Daha önce Hunger Games filmlerinde çalışan Francis-Jennifer Lawrence ikilisini bir kez daha buluşturan Red Sparrow yıllarca CIA’da görev aldıktan sonra emekliye ayrılınca deneyimlerini romanlaştıran Jason Matthews’un aynı adlı kitabından uyarlandı. Aslında Fox filmi yıllardır perdeye aktarmaya çalışıyordu.
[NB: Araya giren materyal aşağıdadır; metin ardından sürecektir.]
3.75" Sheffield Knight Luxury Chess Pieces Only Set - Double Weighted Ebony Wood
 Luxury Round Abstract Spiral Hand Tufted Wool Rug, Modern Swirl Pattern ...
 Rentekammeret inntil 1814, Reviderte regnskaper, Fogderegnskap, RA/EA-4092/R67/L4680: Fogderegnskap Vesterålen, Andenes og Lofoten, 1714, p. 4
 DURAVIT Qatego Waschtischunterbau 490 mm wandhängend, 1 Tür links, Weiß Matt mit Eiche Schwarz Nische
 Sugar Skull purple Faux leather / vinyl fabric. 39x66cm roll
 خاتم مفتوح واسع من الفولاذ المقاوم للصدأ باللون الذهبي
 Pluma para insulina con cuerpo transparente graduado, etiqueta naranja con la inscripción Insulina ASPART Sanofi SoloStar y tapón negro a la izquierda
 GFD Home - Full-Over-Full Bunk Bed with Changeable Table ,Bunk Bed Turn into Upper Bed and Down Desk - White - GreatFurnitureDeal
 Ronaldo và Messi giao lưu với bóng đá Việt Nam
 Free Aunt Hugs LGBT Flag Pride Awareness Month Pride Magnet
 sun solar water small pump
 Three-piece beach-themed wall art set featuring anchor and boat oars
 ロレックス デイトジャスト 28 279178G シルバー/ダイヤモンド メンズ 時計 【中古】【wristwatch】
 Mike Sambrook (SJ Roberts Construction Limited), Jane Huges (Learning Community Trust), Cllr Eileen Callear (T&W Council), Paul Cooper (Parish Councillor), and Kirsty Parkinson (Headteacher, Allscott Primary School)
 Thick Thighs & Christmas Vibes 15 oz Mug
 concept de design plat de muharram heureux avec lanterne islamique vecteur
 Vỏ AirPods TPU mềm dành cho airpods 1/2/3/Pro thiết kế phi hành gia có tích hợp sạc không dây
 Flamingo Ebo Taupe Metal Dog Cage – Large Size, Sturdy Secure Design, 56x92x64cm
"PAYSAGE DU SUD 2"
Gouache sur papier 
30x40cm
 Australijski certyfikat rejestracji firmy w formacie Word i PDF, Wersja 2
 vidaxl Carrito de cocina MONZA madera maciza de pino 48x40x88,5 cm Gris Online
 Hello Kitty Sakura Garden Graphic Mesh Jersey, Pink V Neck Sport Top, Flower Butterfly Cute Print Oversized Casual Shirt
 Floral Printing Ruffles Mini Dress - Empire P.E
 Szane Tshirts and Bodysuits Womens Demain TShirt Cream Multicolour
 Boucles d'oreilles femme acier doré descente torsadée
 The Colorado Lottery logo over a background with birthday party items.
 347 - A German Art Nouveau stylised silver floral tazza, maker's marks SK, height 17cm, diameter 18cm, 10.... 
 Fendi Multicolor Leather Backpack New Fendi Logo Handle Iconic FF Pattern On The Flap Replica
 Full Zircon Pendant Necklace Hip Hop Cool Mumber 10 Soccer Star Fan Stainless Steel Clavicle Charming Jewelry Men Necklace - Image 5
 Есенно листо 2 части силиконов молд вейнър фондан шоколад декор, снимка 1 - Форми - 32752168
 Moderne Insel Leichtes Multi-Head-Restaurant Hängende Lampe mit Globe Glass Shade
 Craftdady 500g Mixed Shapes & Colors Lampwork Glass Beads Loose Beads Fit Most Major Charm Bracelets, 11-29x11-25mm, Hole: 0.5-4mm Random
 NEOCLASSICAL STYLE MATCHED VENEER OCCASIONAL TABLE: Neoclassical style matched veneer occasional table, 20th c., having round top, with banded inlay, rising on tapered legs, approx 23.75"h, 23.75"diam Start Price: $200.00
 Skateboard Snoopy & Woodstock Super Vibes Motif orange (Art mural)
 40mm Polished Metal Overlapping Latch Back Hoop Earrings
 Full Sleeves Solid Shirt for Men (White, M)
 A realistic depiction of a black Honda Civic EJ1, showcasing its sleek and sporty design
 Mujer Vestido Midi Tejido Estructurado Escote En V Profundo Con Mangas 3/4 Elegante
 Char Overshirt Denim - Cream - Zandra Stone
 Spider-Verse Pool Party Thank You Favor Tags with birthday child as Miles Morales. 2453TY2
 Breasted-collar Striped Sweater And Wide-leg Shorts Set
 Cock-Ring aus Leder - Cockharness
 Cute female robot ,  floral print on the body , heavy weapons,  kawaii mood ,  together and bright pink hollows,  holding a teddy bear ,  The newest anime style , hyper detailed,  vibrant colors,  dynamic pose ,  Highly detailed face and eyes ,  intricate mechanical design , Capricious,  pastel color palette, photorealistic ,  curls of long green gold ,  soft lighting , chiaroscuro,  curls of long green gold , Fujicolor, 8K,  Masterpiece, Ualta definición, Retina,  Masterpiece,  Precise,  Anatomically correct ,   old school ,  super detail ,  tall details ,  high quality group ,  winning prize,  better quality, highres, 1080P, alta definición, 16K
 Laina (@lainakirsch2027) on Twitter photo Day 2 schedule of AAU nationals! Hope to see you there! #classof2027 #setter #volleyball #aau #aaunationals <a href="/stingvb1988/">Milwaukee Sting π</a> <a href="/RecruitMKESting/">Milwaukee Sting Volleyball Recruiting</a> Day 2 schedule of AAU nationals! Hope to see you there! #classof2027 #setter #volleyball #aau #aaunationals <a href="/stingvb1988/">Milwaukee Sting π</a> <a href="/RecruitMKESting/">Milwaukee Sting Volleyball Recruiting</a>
Yönetmenliği önce Darren Aronofsky’e, daha sonraysa David Fincher’a teslim etmişti -Fincher da başrolü Rooney Mara’ya paslamıştı-. Fakat Fincher da filmi çekmekten vazgeçince proje, Lawrence’ların olmuştu. Hunger Games‘de gençlere dönük bir öykü anlatan Francis Lawrence bu kez pek çok şiddet sahnesi, çıplaklık ve cinsellik içeren, yetişkinlere dönük bir öykü anlatıyor. Daha doğrusu anlatmaya çalışıyor. İki saat yirmi dakika süren film balerinken ayağı kırılınca amcası Vanya’nın (Matthias Schoenaerts) zorlamasıyla ajan olan Dominika’ya (Lawrence) odaklanıyor.
Soğuk Savaş dönemini fon alan diğer Hollywood filmlerinin aksine odakta Amerikalılar ve CIA değil, Sovyet Rusya, KGB’nin o dönemdeki hali olan SVR ve Rus ajanları yer alıyorlar. Her ne kadar Amerikalı ajan Nate’le (Joel Edgerton) Dominika’nın hayatları kesişene dek paralel kurguyla aktarılıyor olsa da Nate yardımcı karakter, Dominika kadar görünmüyor, olayları Dominika kadar etkilemiyor. Red Sparrow bir Hollywood ürünü olduğu için casus filmlerinin tüm klişelerini teker teker önümüze koyuyor. Dünyada Rus oyuncu kalmamış gibi karakterleri Amerikalılara, İngilizlere ve Belçikalıya oynatıyorlar. Öykü Sovyet Rusya’da ve civarında geçiyor olmasına rağmen kimse Rusça konuşmuyor, herkes bozuk bir İngilizceyle konuşuyor. Hatta işin komik tarafı usta aktör Jeremy Irons Rus aksan için uğraşmayıp İngiliz İngilizcesinden taviz vermiyor -gerçek bir İngiliz-. Hollywood’un diğer klişesi olan Amerikalı ajanların yüzde yüz iyi ve vicdanlı olurlarken düşman tarafın (yeri gelince Çin, yeri gelince Japon, yeri gelince Ortadoğulu, çoğunlukla Rus) şeytani oluşları tabii ki burada da yer alıyor.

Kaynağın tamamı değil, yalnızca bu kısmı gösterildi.